Without your RMR, you would cease to exist. However, in the presence of certain crucial factors outlined in this book, your RMR can be slightly enhanced in a way that not only maintains normal function, but pushes the rate just slightly higher!
The TEF is the caloric sum of all the energetic processes required to digest, absorb, transport, metabolize, and store your meal. Believe it or not, this can account for up to 10% of your energy expenditure. Portions of this book explain how the content and chemical structure of the foods you eat can increase or decrease the TEF.
The TEA, is the easiest metabolic component to modify, and accounts for up to 30% of the total daily energy expenditure, depending on your level of physical activity.
If you’re already physically active, you’ve taken a step in the right direction to increasing your TEA. But the 100 tips in this book take you light years forward by supplying you with the specific knowledge of exactly which activities to perform, for how long, and with what intensity to drive your TEA through the roof.
The final component of metabolism, the AT, is your body’s reaction”system. Basically, the metabolism will make sensitive rate alterations in response to changes in the external or internal environment, such as physical or mental stress, hot and cold temperatures, and hormone levels. There are certain strategies outlined in this book that throw environmental “curveballs “at the AT, always forcing the body to react and maintain a sensitively high metabolism.
It is possible to have an energy surplus. There is a law in physics called the Law of Conservation of Energy, which says that energy cannot be created or destroyed. Energy can only change form. Therefore, unused energetic compounds found in food are either extracted as waste products or stored for future use, usually as fat. To avoid this energy storage, the metabolic strategy outlined in this book is two-fold: practice dietary methods that eliminate the energy surplus and follow specific lifestyle guidelines that maximize energy expenditure.
So where does food come in?
Energy comes from food. But complex actions must take place inside your body for turkey, mashed potatoes and cranberries to become the energy for talking, standing, sitting, walking and breathing. Your body must break the food into smaller and smaller pieces, then absorb these small pieces, and move them through the membrane of a tiny cell to be broken into even smaller pieces. These smallest pieces then enter into a miniscule cellular component called the mitochondria. The mitochondria is the cell’s powerhouse, and it is here that the electrical power of oxygen is harnessed to finally break that last tiny molecule of food and release energy!
Thousands of crucial steps lead to this eventual release of energy from food, and most of these steps require energy themselves. This energy is derived from calories, nutrients, vitamins, and minerals from the food that you’ve previously consumed, which is combined with the oxygen that you breathe. Any shortage of the necessary components will result in a shortage of energy.

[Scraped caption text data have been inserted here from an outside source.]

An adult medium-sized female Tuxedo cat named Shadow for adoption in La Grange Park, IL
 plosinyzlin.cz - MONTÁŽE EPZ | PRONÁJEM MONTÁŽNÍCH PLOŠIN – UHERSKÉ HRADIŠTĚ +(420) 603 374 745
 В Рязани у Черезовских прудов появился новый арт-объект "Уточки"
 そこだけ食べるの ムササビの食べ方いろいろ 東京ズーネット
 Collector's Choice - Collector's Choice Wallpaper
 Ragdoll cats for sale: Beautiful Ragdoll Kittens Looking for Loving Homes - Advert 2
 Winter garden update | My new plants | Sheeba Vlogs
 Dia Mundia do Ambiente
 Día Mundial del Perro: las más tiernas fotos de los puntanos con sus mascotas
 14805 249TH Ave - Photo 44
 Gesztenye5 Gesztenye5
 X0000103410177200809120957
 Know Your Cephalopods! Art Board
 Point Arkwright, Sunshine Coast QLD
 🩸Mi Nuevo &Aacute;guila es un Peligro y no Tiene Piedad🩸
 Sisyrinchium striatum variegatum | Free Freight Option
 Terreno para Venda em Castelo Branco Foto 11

Therefore, inadequate oxygen or inadequate food results in inadequate energy. And inadequate energy results in a slow metabolism. This book not only tells you how to ensure adequate nutrients from you dietary intake, but also how to achieve adequate oxygen balance in your internal and external environments.
What slows down energy and metabolism?
In the energy creation process, there are certain barriers to overcome. Take free radicals, for example.
The more energy you require and produce, the more oxygen you must utilize. Occasionally, the oxygen can mutate and escape from the cell in the form of a “free radical”. Also called oxidants, these renegade oxygen molecules combine with a host of other molecules in the body, and can interrupt the many different processes in your body these other molecules with which these molecules are associated.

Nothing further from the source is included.